▶ _EXERCISE OBJECTIVE_
Look for the line with "Classic Charm Felt Outdoor Hat in Brown"; please transcribe it and every later line in the entries exactly, up to the end, leaving pictures out.

▶ _SUPPLIED MATERIAL_
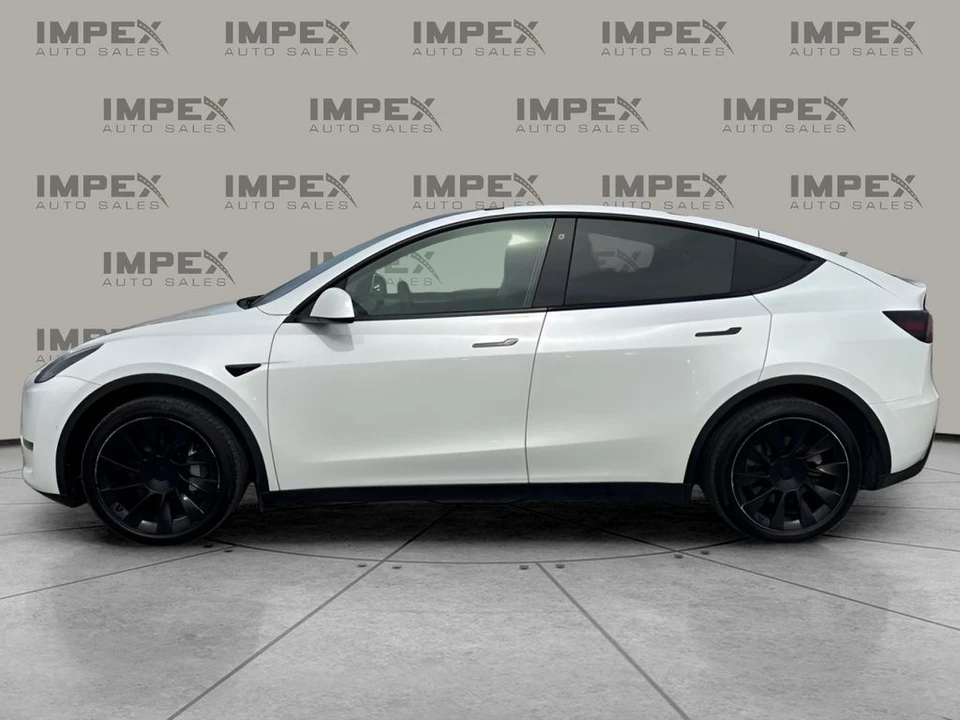 2022 Tesla Model Y - Image 2 of 21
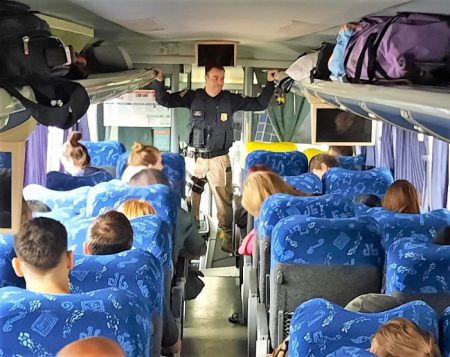 Ação educativa em rodoviárias orienta passageiros de ônibus na Operação Semana Santa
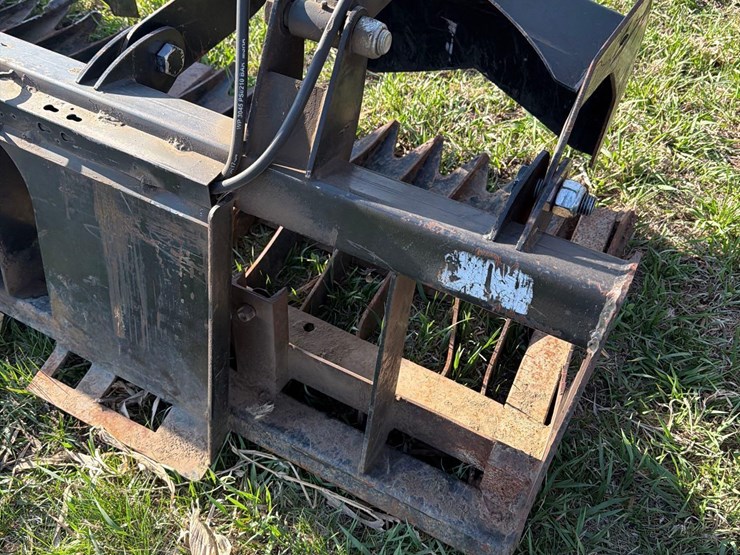 skidloader-78”-grapple-bucket-image-13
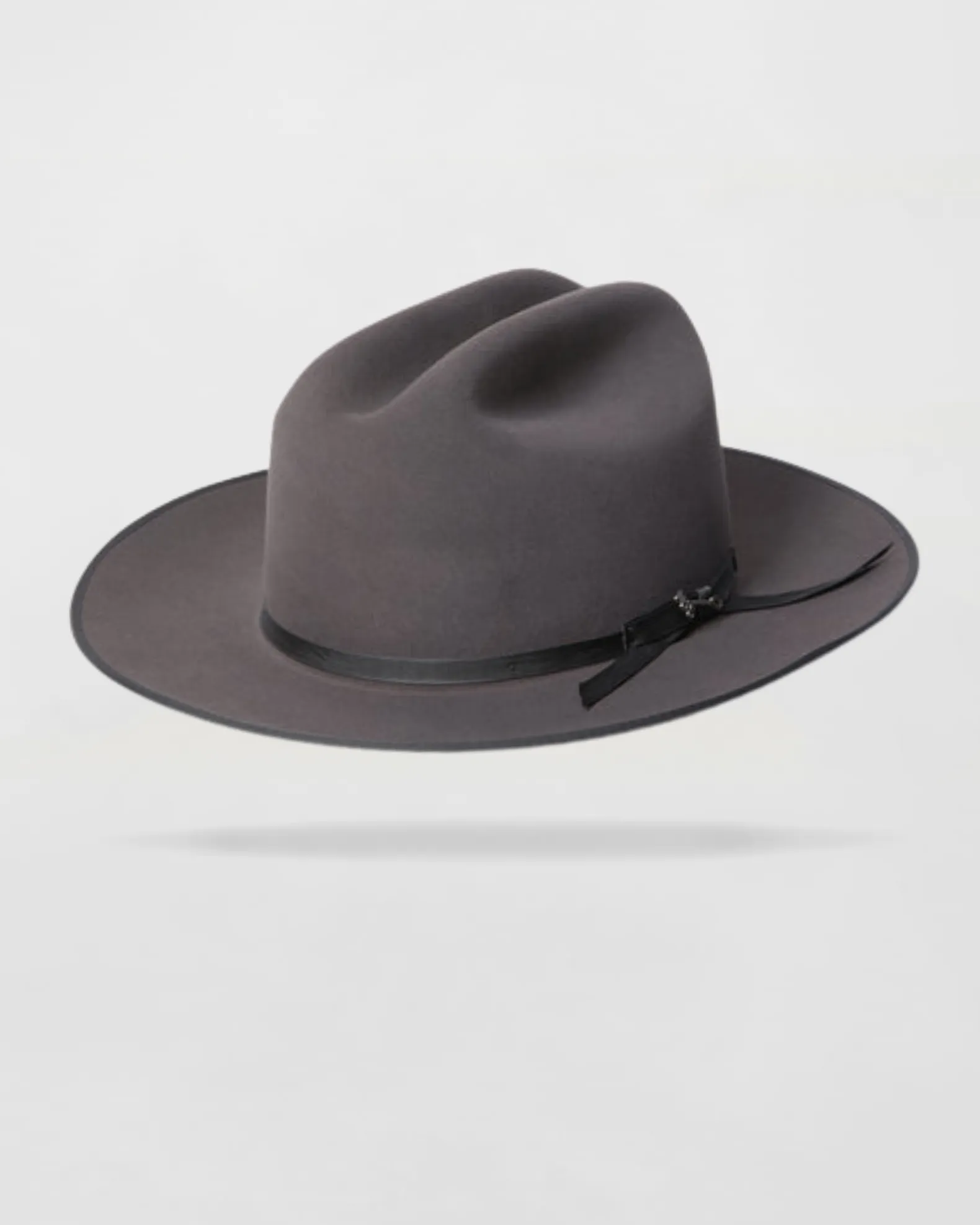 Classic Charm Felt Outdoor Hat in Brown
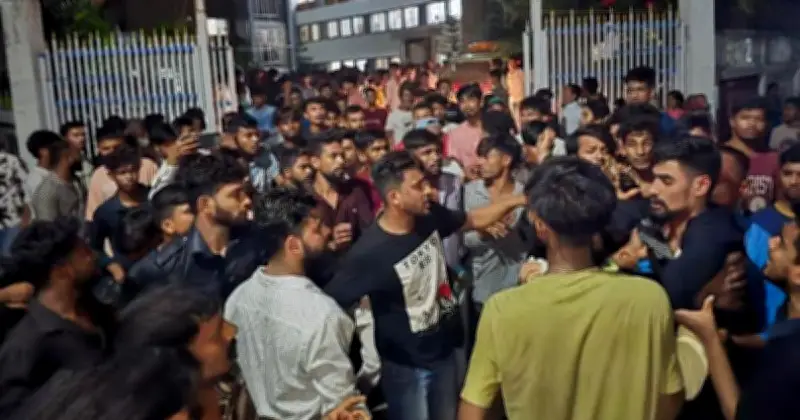 ছিনতাইকারীর ছুরিকাঘাতে নিহত যুবকের মরদেহ নিয়ে থানা ঘেরাও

▶ _ANSWER FOR THIS EXERCISE_
 Classic Charm Felt Outdoor Hat in Brown
 ছিনতাইকারীর ছুরিকাঘাতে নিহত যুবকের মরদেহ নিয়ে থানা ঘেরাও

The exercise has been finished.